The East Coast of America would have been a very nice place to live. In the late 1930s and 1940s— and if you were rich. The streamlined Deco cars, the Tom and Jerry refrigerators (a lonely chicken and a bottle of milk), the clapboard farmhouses, dry stone walls, hunting prints, chintz, tennis courts, leather-lined libraries (globes) and Anglicised transatlantic accents. All mod cons with an Anglo-American country house vibe. And again, travelling from New York to Washington D. C., the train was a civilised way to go. Those wonderful cathedral-like city stations, the double-decker coaches of pressed aluminium, with observation decks to watch from as small-town America sped by. The white picket fences and clapboard houses, the New England woods, fields and farms with their red Dutch barns and water-pump windmills, and that distinctive clang-clang-clang bell sound as the train rumbled through a level crossing. I like it a lot.

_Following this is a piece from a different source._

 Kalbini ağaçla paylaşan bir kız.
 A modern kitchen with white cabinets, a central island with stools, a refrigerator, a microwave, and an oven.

Hitchcock's film is based on Patricia Highsmith's first book, published in 1950. As you've probably gathered, I'm a huge fan of Highsmith, and three Highsmith film adaptations have already made it to these pages: Rope (1947), The Talented Mr. Ripley (1999) and Deep Water (2022), with more films to follow. The plot is relatively straightforward (put it this way, yours truly grasped it without difficulty). Guy Haines (Farley Granger), a well-brought-up, mild-mannered amateur tennis player (my grandmother might have described him as 'a nice young man'), meets Bruno Anthony (Robert Walker), a psychopathic spiv on the Washington to New York Express. You know he's a spiv ‘cos he's wearing co-respondent shoes (according to my father, the mark of a cad, which explains why my father wears his own pair to read the lesson in church) and one of those dreadful 50s kipper ties with 'BRUNO' written across it in swirly writing.
Bruno then suggests, not unreasonably, to murder Guy's estranged wife (up the duff by another man) if, in return, Guy murders his father, who conveniently dwells in a gloomy Cluedobethan Mock Tudor ‘mansion'. It's a bit like playing at doctors and nurses in the nursery: “If you show me yours, I'll show you mine.” Interestingly, critics also detect a snippet of homo-eroticism between the two men (the film was made at the time of McCarthyism), which I have to confess completely passed me by. But Bruno, undoubtedly, has some sort of a weird hold over Guy. Farley Granger’s Guy is spot on. Even though he immediately identifies Bruno as a bad 'un, he's too well-mannered, too well-brought-up to tell Bruno to “f***k off”. Like a decent, naive, well-meaning middle-class Brit getting ripped off by a street hustler in Marrakesh.